- Born: May 17, 1980
- Died: February 14, 2018 (aged 37) Parkland, Florida, U.S.
- Education: Marjory Stoneman Douglas High School
- Spouse: Melissa Feis
- Children: 1
- Relatives: Johanna Feis, Ray Feis, Michael Connell Jr.
- Awards: Best Coach/Manager ESPY Award

= Aaron Feis =

American football coach and victim of Parkland school shooting

Aaron Louis Feis (May 17, 1980 – February 14, 2018) was an American high school coach and security guard at Marjory Stoneman Douglas High School. He was a victim of the Stoneman Douglas High School shooting on February 14th, 2018.

During the shooting, Feis ran into the school confronting the shooter. He was shot in an attempt to shield a group of students and died from his wounds. In the aftermath of the shooting, Feis was universally praised for the selflessness of his actions during the shooting. He posthumously received the Best Coach/Manager ESPY Award on July 18, 2018.

== Early and personal life ==
Feis graduated from Marjory Stoneman Douglas High School in 1999. He was married to Melisa Feis, with whom he had a daughter. Those close to Feis described him as strongly devoted to his family.

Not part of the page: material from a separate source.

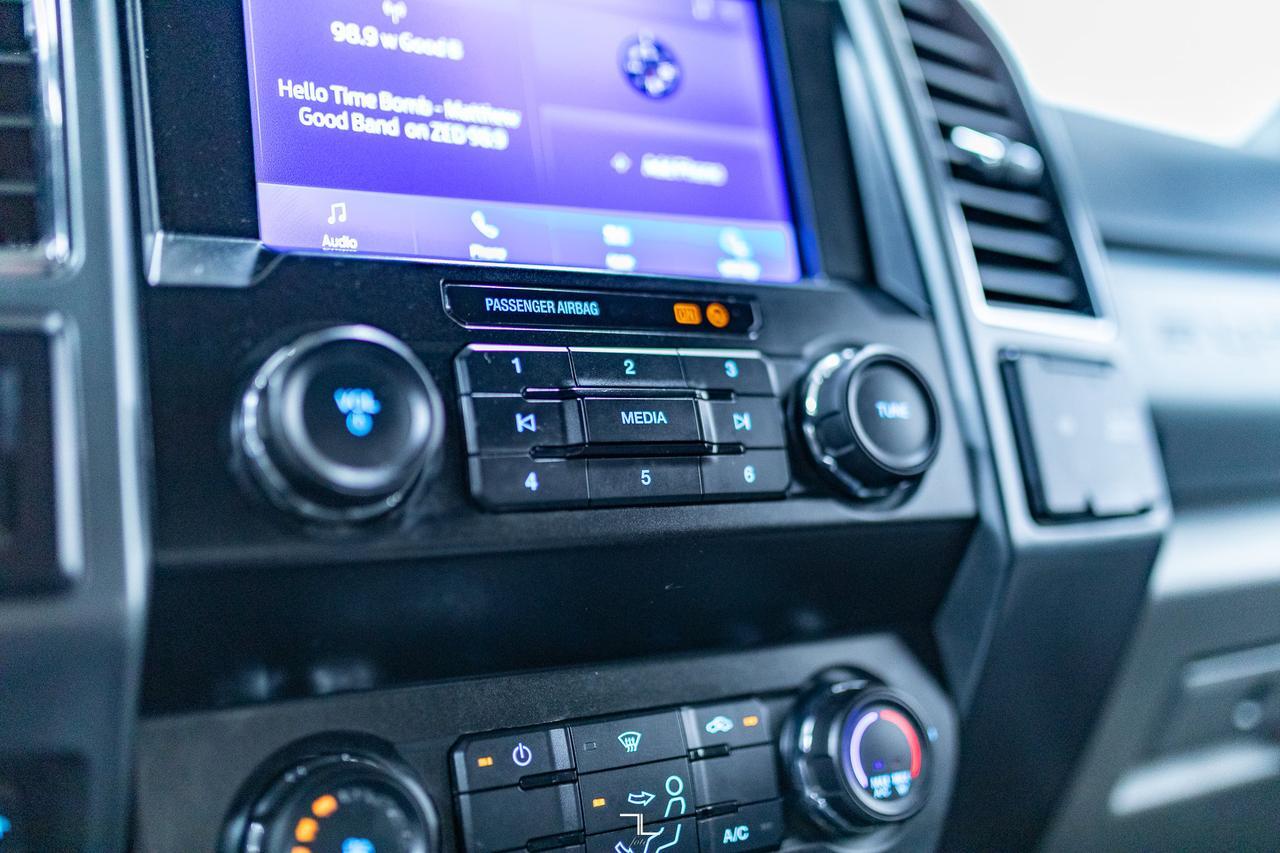 2020 Ford F-450 4x4 Crew Cab XLT FX4 Dually Diese BCam Red Deer AB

== Marjory Stoneman Douglas High School ==

=== Tenure ===
In 2002, three years after graduating, Feis returned to MSDHS, serving as an assistant football coach as well as a school monitor.

==== 2018 shooting ====
On February 14, 2018, at approximately 2:21 P.M. EST, former student Nikolas Cruz opened fire in Marjory Stoneman Douglas High School. According to several eye witnesses and the sheriff's department, Feis quickly ran to the scene and attempted to protect students from gunfire. According to several sources, Feis died in the protection of two students from gunfire. By the end of the shooting, Cruz had killed 17 staff and students.

==== Reactions to Feis' death ====
After Feis' death was announced, many people came to express their sadness and memories of Feis as a positive influence on their lives. According to ESPN, none of those interviewed expressed surprise that Feis was willing to sacrifice his life in order to protect students. Dennis Lehtio, a spokesman for the school's football program, stated "[Feis] died the same way he lived – he put himself second."

Others remember Feis as a caring member of staff who students cited as a "big ol' teddy bear".

== Legacy ==
In 2019, the Miami Dolphins posthumously selected Feis as the George F. Smith Coach of the Year.

In 2025, in recognition of the actions of Feis as well as fellow teachers Scott Beigel and Chris Hixon, the Orange Bowl announced the Beigel-Feis-Hixon Valor Award, a US$10,000 scholarship given to an athlete who had "Identifiable actions, which clearly demonstrate extraordinary courage or commitment and how he/she has overcome obstacles."